Source: Roy Morgan Young Australian Survey, July 2019-June 2020, n=2,083. Base: Australian children 6-13.

Roy Morgan’s annual retail sales forecast, released in conjunction with the Australian Retailers Association (ARA), indicates Australians will spend more than $54.3 billion during the Christmas trading period. A solid part of this will go on gifts for children. 

Of course it’s the thought that counts, but for those who aren’t quite sure whether they’re up to date on what kids really like right now, the Kids’ Cool List from Roy Morgan’s Young Australians Survey offers some inspiration.

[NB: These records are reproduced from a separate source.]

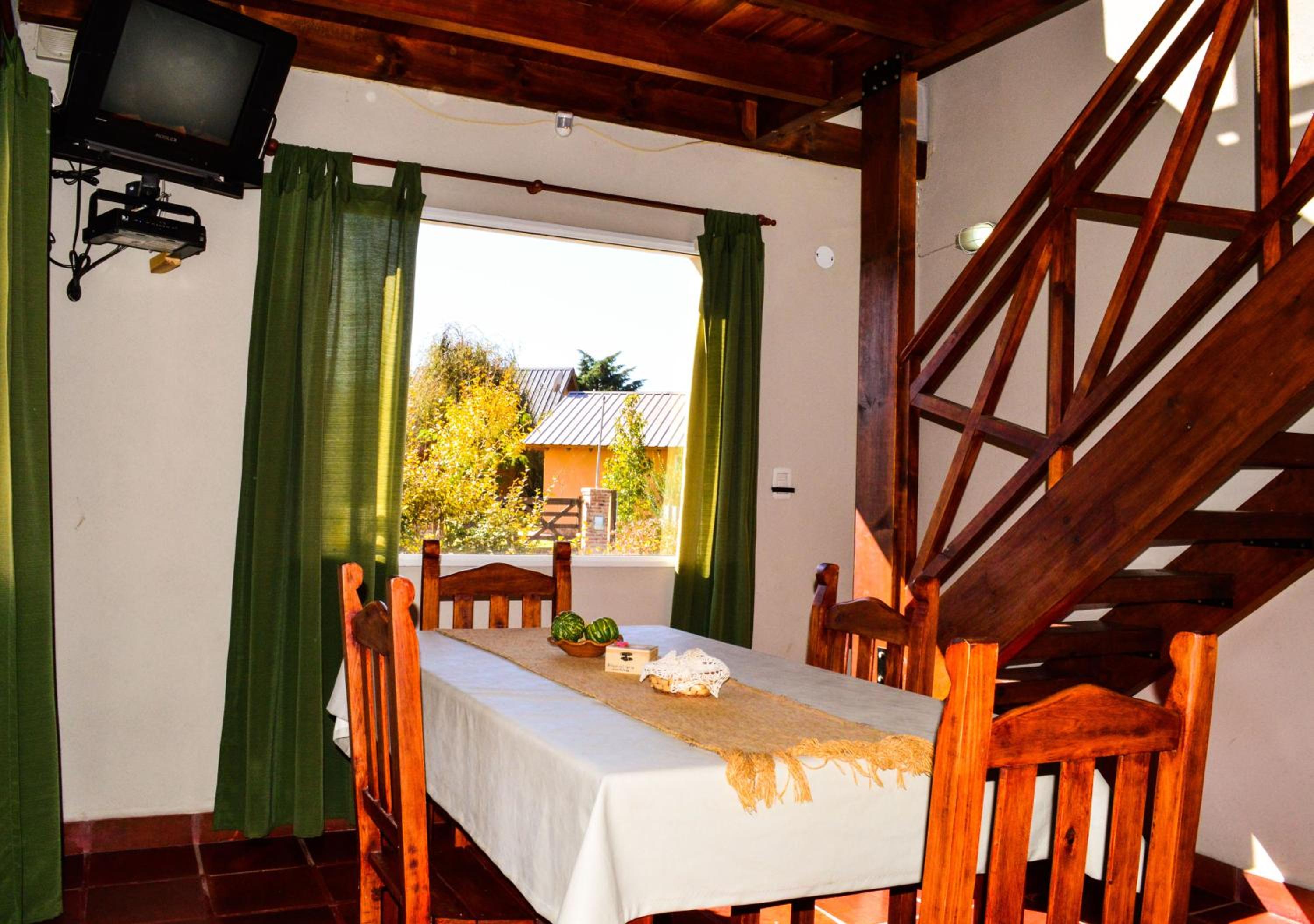 Cabañas Brisas del Cerro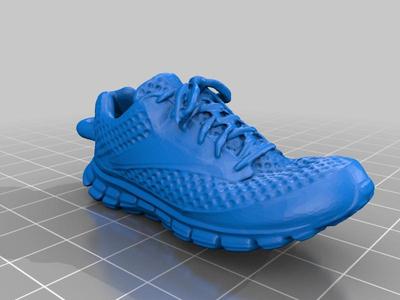 Shoe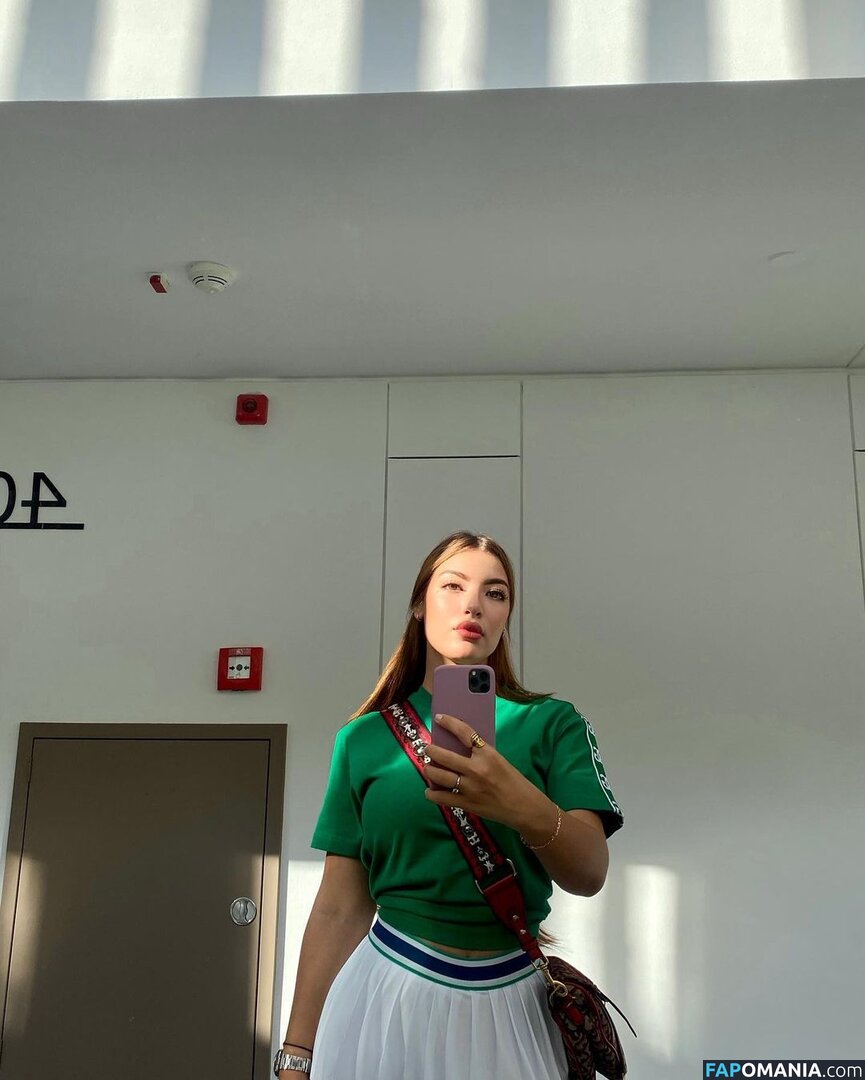 xan_oumaimaa1 / xanoumaima Nu OnlyFans  Foto vazada #1
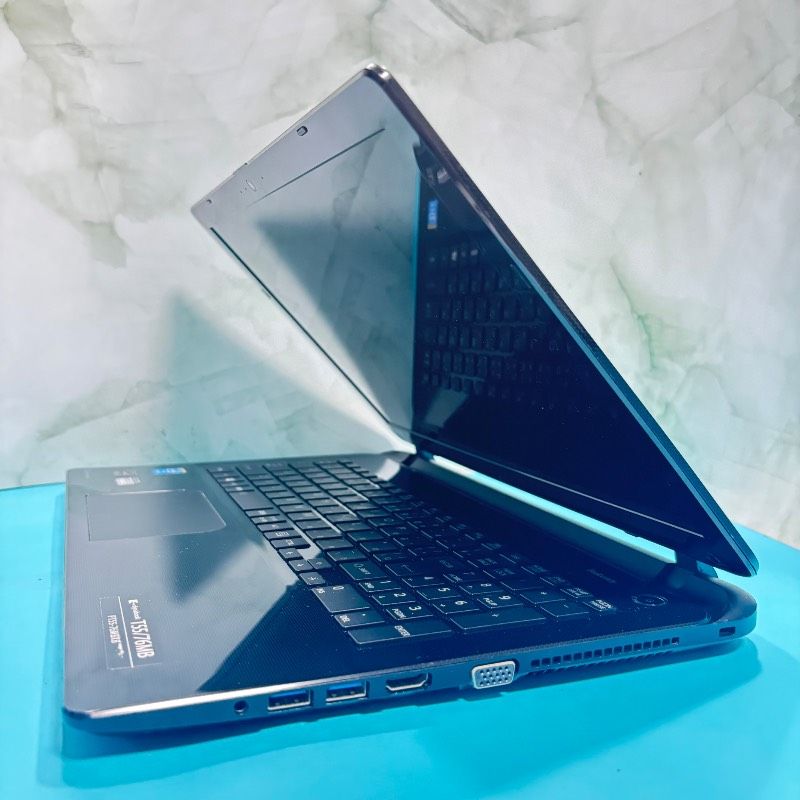 お買い得♪】爆速Core i7✨動作良好✨東芝ノートパソコン✨メモリ8GB お買い得♪】爆速Core i7✨動作良好✨東芝ノートパソコン✨メモリ8GB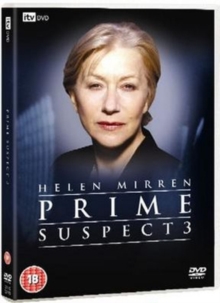 Image for Prime Suspect: 3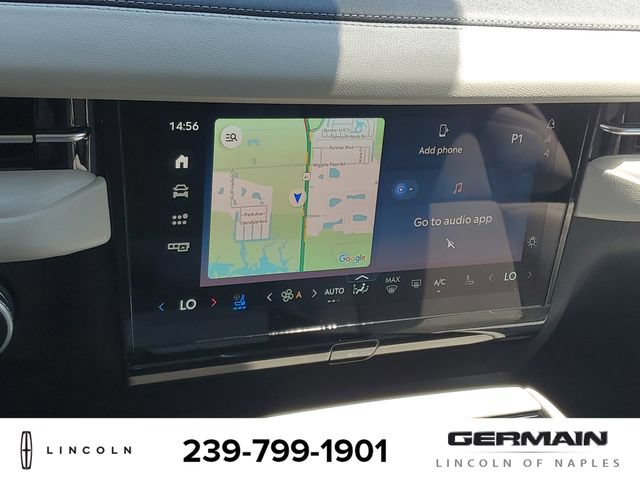 New 2026 Lincoln Navigator L Reserve AWD/4WD image 30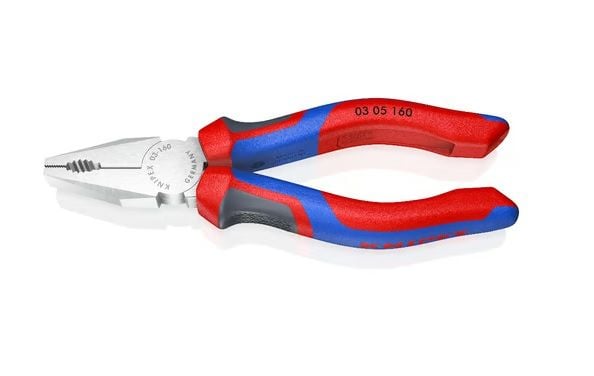 KNIPEX 0305160 KOMBİNE PENSE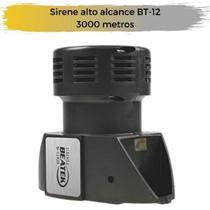 Sinalizador acústico bt-12 beatek flex Sinalizador acústico bt-12 beatek flex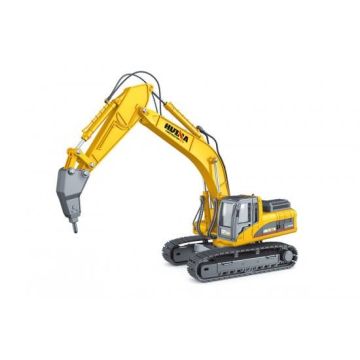 HUINA 1/40 DIECAST DRILL CY1911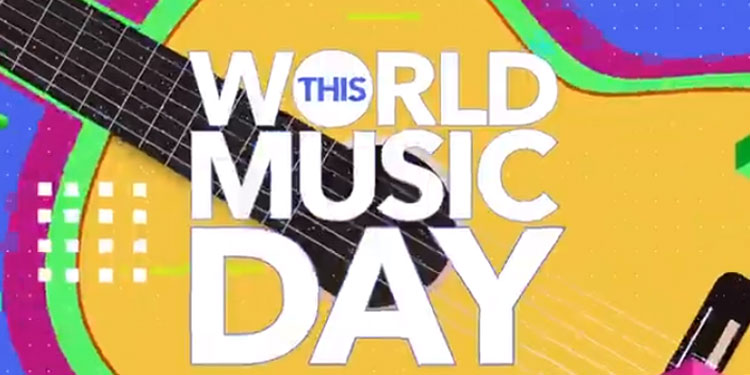 Brands launch melodic campaigns on World Music Day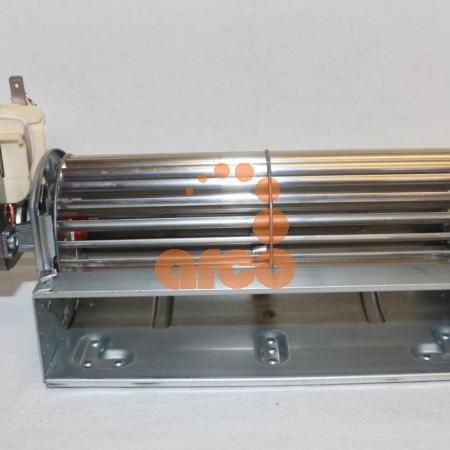 VENT038 Ventola tangenziale Nordica DX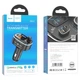 FM модулятор трансмиттер Hoco E62 Bluetooth 2USB 1PD АЗУ с быстрой зарядкой автомобильное зарядное устройство - изображение 9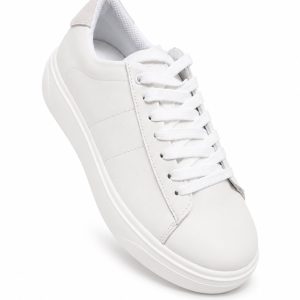 ECCO Street Platform W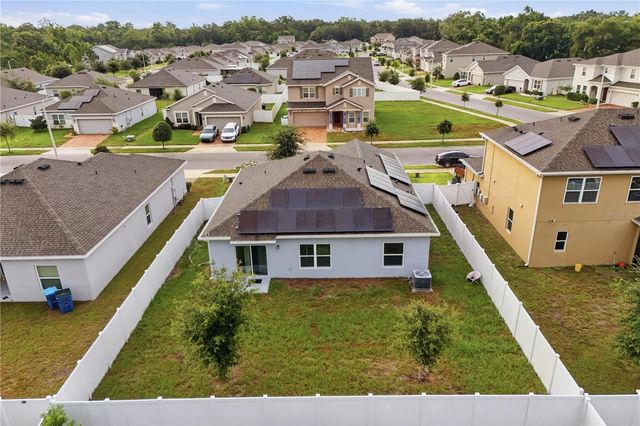 541 WILDCAT LANE, Davenport, FL 33837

Netflix tops the 2020 list — for the third year in a row — with the streaming service declared “really cool” by 62% of 6-9 year olds and 70% of 10-13 year olds. Second in the overall list is Minecraft, riding a renewed wave of popularity. The digital creative building game is especially popular with 10-13 year olds (60%, compared to 54% of 6-9 year olds). Apple’s iPad has dropped a little since topping the list in 2016, but it is still judged cool enough to claim third place overall — and to be the top choice of the 6-9 year olds (64%).

Roy Morgan has been going direct to the source to find out what matters most to Australia’s children since 2004. Each year over 2,000 young Australians aged 6-13 tell us about everything from their hobbies and favourite TV shows to how much pocket money they get, how they like to spend their time, and how they feel about themselves, their families and the world at large.

When it comes to what’s “really cool” right now, other items and brands that get the thumbs-up from the nation’s kids are iPhones (49%); Computers, including Laptops and other Tablets (45%), Nike (42%), Roblox (40%), Harry Potter (just under 40%) and, in equal ninth place, gaming consoles PlayStation 4 and Nintendo Switch (38%).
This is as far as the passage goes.